Si on pousse un peu plus loin cette analogie on pourrait accuser de terrorisme le démocrate-chrétien nationaliste, M. Ibarretxe qui préside la région autonome basque et qui est lui aussi un ferme partisan de l’autodétermination et de la souveraineté du Pays basque. Il est déjà peu compatible avec des principes démocratiques élémentaires qu’on ait introduit dans les codes pénaux des pays européens le crime de terrorisme. En effet, toutes les définitions du terrorisme sont fondées sur le regroupement d’ une série d’ actes plus ou moins violents autour d’une finalité politique commune.

Or les actes de violence qui représentent l’aspect objectif du terrorisme sont déjà repris dans le code pénal, la notion de terrorisme n’y ajoutant que l’intentionalité politique. Il va de soi que la définition d’un crime dans ces termes est extrêmement dangereuse pour les libertés politiques. Toute la doctrine pénale libérale et démocratique est fondée sur l’interdiction de l’analogie. En effet, toute sanction pénale doit être prise en fonction d’une définition rigoureuse des actes criminels. C’est ce qui découle du vieux principe nullum crimen sine lege, il n’y a pas de crime sans une loi préalable qui le définisse en termes stricts. Dès la prise du pouvoir les ministres de la justice se sont empressés de remplacer dans le code pénal l’interdiction de l’analogie par l’application obligatoire du principe d’analogie dans le but d’établir l’ordre répressif quasiment sans failles que l’on sait.

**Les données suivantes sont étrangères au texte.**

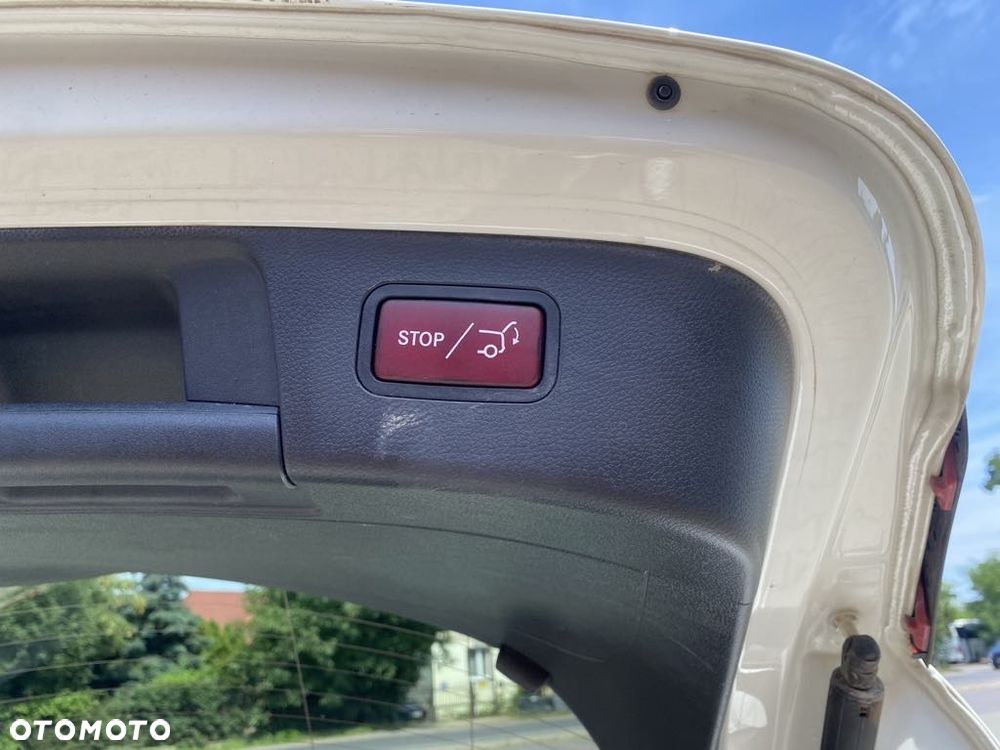 Mercedes-Benz GLA 250 4-Matic AMG Line - 13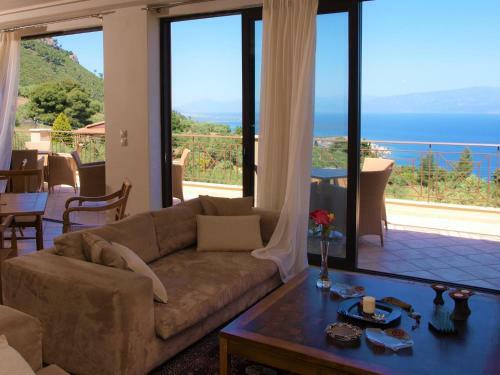 Hotel Theasi
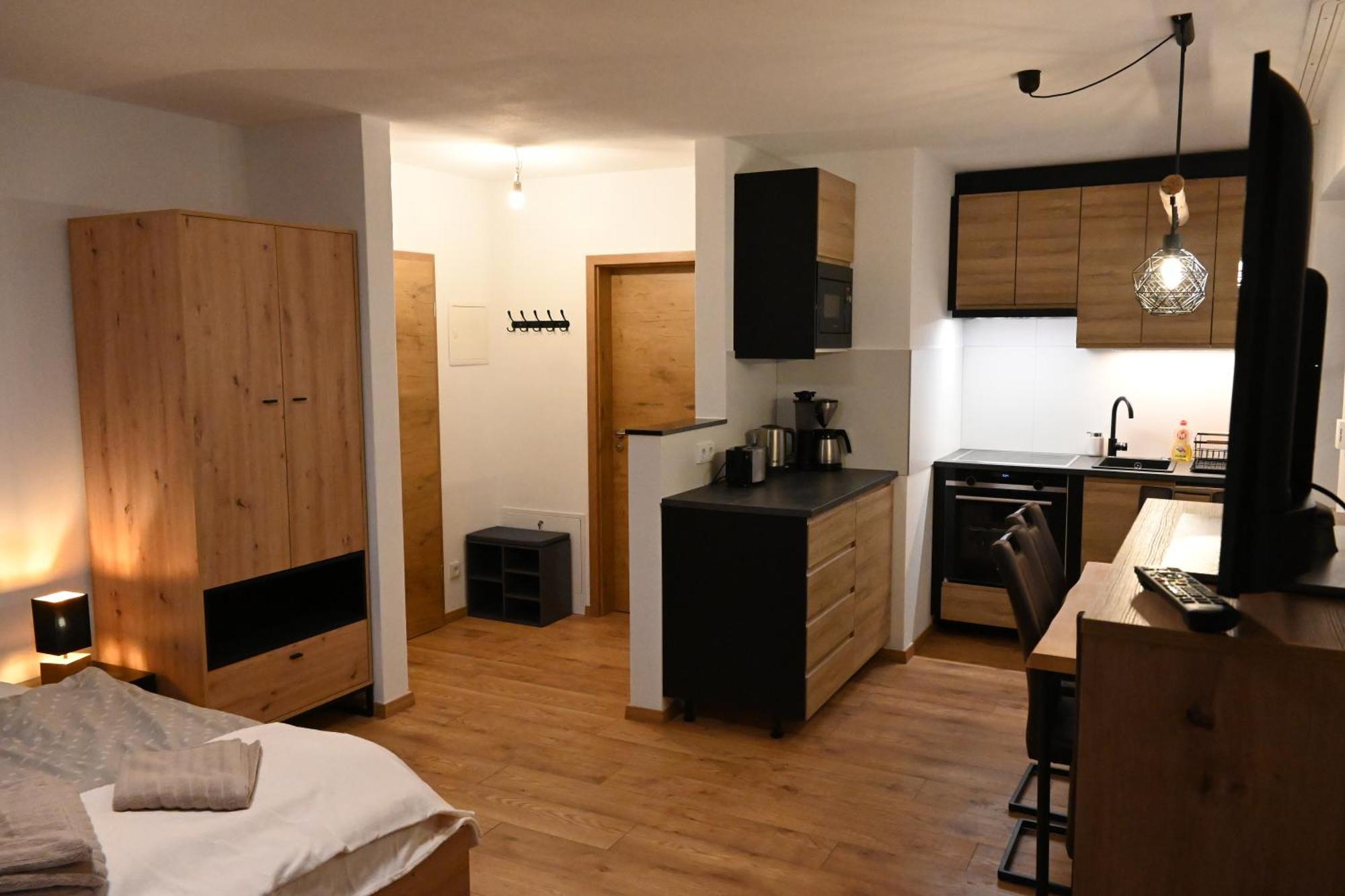 Nicky Apartments And Studios ニーデラウ エクステリア 写真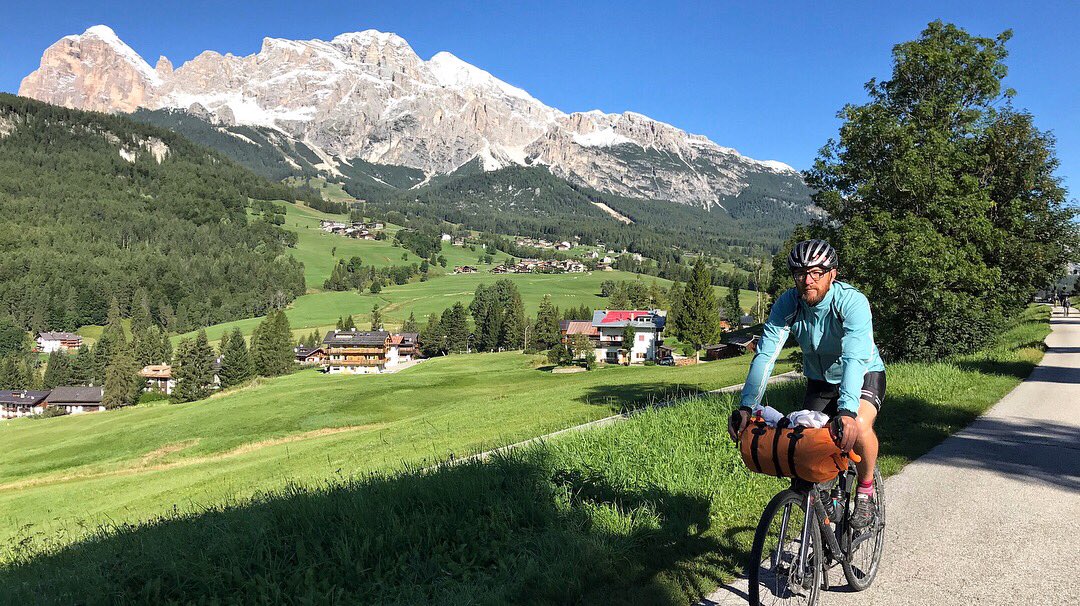 mtbcymru's tweet photo. Making our way south from #Cortina and the #Dolomites. Stunning 🇮🇹🚴🏻♂️🚴♀️☺️🍻
#cycle #cycling #alps #MünchenVenezia #ridemadison #bikepacking #adventure #explore #gravelride #alps #alpe #italy #gravel #getoutdoors https://t.co/RfXWvTXQ1I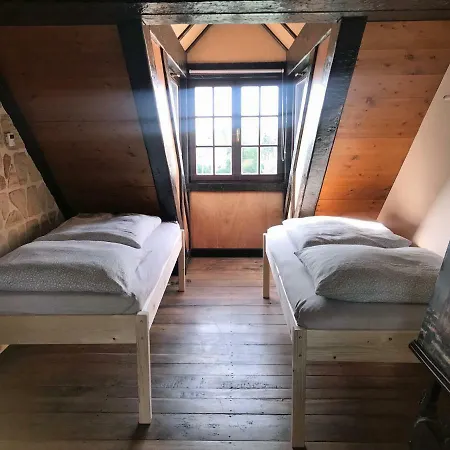 Gemuetliche Ferienwohnung Turmzimmer Im Rittergut Leppersdorf Bei Dresden Apartmán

Certes, les actions armées de l’ETA sont éthiquement insupportables et politiquement inutiles ou même contre-productives, celà n’empêche pas qu’elles s’inscrivent dans un contexte de déni massif de droits et de violence institutionnelle. Ceci ne les justifie aucunement, mais celà permet de comprendre que de nombreux citoyens basques refusent de « condamner » cette violence. Le nombre de basques emprisonnés à l’heure actuelle est déjà une donnée politique et sociale massive. Mais il faut tenir compte des milliers de personnes qui sont passées précédemment par les prisons espagnoles ou des dizaines de milliers qui ont été arrêtées et souvent maltraitées —beaucoup même torturées— avant et après la mort de Francisco Franco pour saisir la force de la revendication d’autodétermination et l’intensité de la résistance et de la répression. Un État démocratique ne peut pas faire face à ce phénomène en prétendant qu’il n’existe qu’un problème de terrorisme.

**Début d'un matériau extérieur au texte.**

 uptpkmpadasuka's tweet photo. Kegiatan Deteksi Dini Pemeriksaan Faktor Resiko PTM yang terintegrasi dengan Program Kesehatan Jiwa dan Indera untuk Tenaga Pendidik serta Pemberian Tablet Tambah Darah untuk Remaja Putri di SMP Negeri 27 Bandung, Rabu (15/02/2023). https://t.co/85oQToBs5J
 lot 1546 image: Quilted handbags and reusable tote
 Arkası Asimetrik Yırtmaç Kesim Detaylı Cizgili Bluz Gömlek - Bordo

Une solution politique négociée avec les différents acteurs était à portée de main l’an dernier, quand l’ETA proclama un cessez-le-feu indéfini. Le gouvernement espagnol ne profita pas de l’occasion pour reproduire une solution à l’irlandaise. Il est difficile de savoir s’il ne voulait pas ou s’il ne pouvait pas le faire, étant pris dans les filets d’appareils d’Etat directement hérités du franquisme. Le gouvernement de Jose-Luis Zapatero devrait également honorer les engagements pris para le PSOE lors de la « transition » avec l’armée et les forces de droite, notamment en ce qui concerne l’unité de l’Espagne et le maintien du roi désigné par le général Franco.

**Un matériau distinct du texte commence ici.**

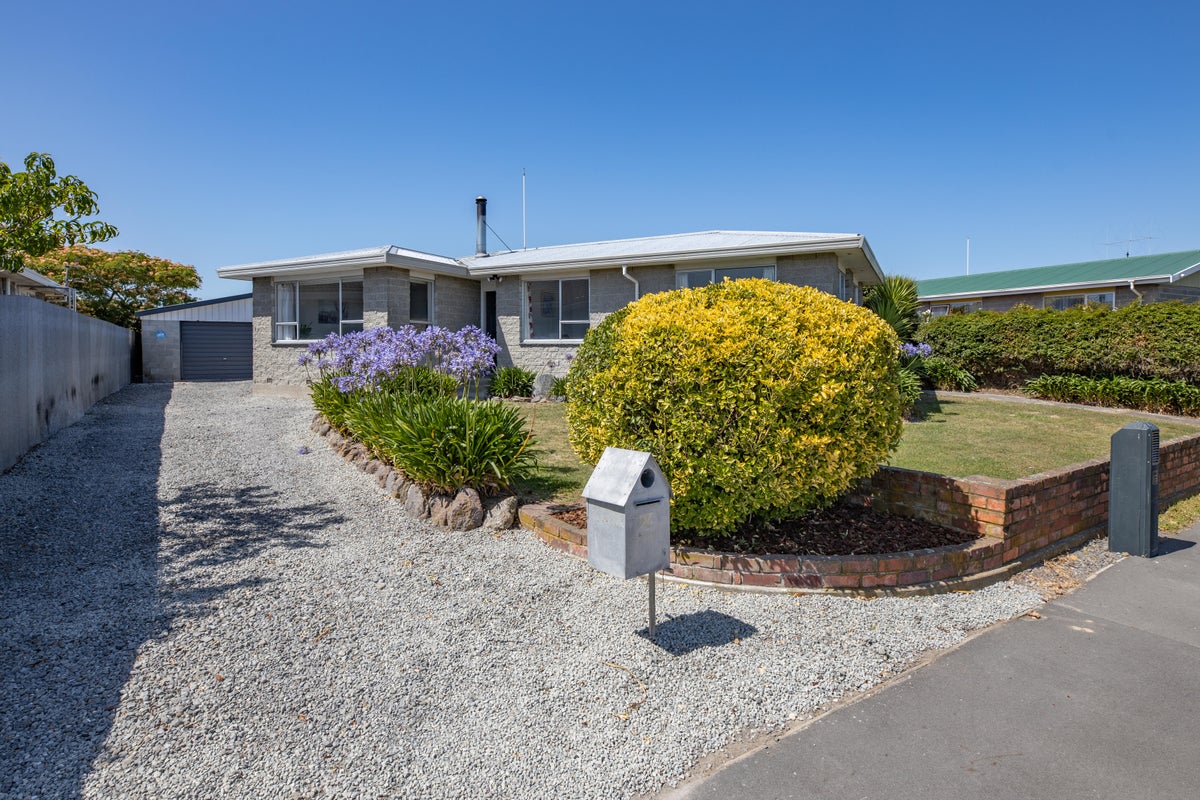24 Meon Street, Aranui, Christchurch - Carousel 17
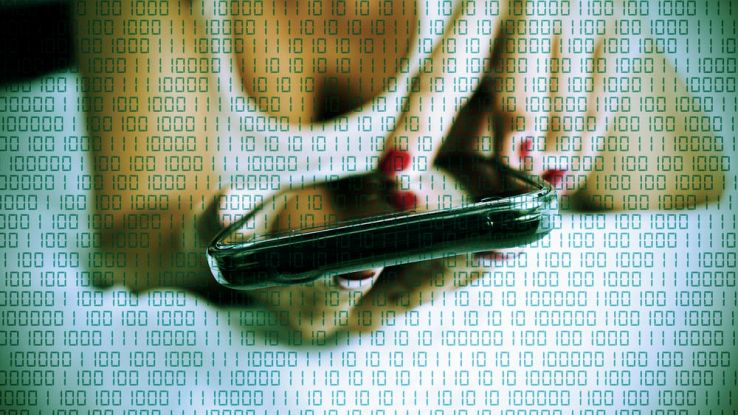 Revenge porn, Facebook invasa: a 54.000 casi analizzati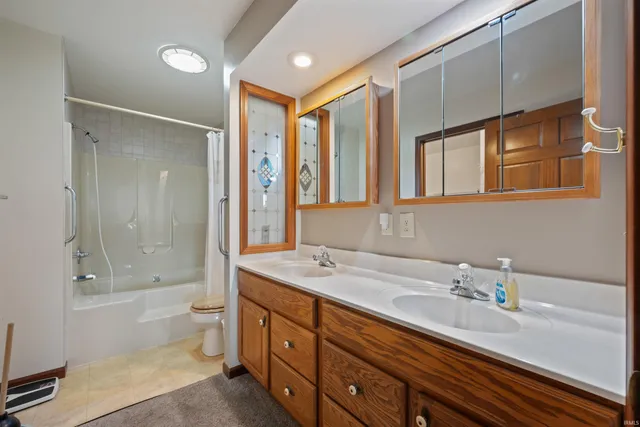 $375,000 | 3869 Highway 116, Markle, IN 46770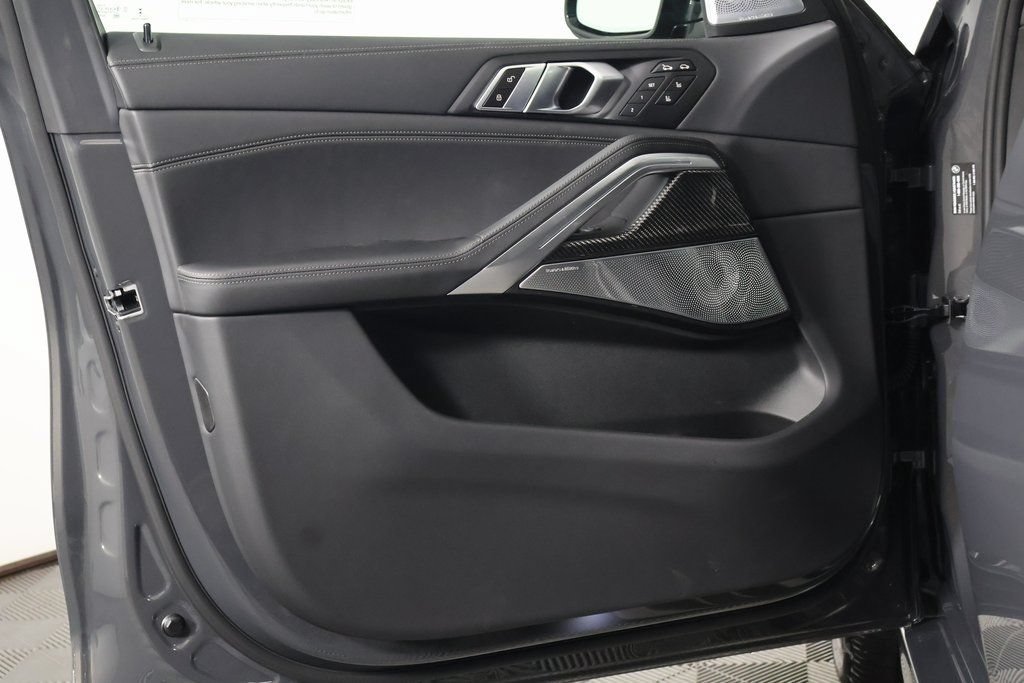 New 2027 BMW X6 M60i AWD/4WD image 7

De son côté, l’ETA n’eut pas la patience d’attendre le développement d’une mobilisation citoyenne en faveur du processus de paix qui aurait pu dénouer la situation et entreprit une action spectaculaire de sabotage à l’aéroport de Madrid qui coûta la vie à deux immigrés équatoriens. Le gouvernement espagnol mit fin le jour même de l’attentat à ce processus de paix, qui pour lui n’avait été qu’un vague échange de paroles sans conséquences.

L’ETA mit fin au cessez-le-feu unilatéral quelques mois plus tard. Désormais, le gouvernement socialiste espagnol, désireux de ronger des voix à la droite —avec laquelle il se retrouve coude à coude dans les sondages— joue la surenchère répressive dans laquelle s’inscrit cette dernière vague d’arrestations. Dès lors, on peut craindre une reprise de l’ « activité armée » de l’ETA à laquelle le gouvernement de M. Zapatero ou son successeur de droite répondront sans doute par une nouvelle attaque contre les droits des citoyens.

John Brown

[1] Le Réseau Voltaire a mis en cause le magistrat dans « La presse arabe dans la ligne de tir », 15 septembre 2003. Il nous a répondu dans l’entretien qu’il nous a accordé, mais qui ne nous a guère convaincu, voir « Baltazar Garzón ou le fantasme d’Al Qaïda », 16 février 2004.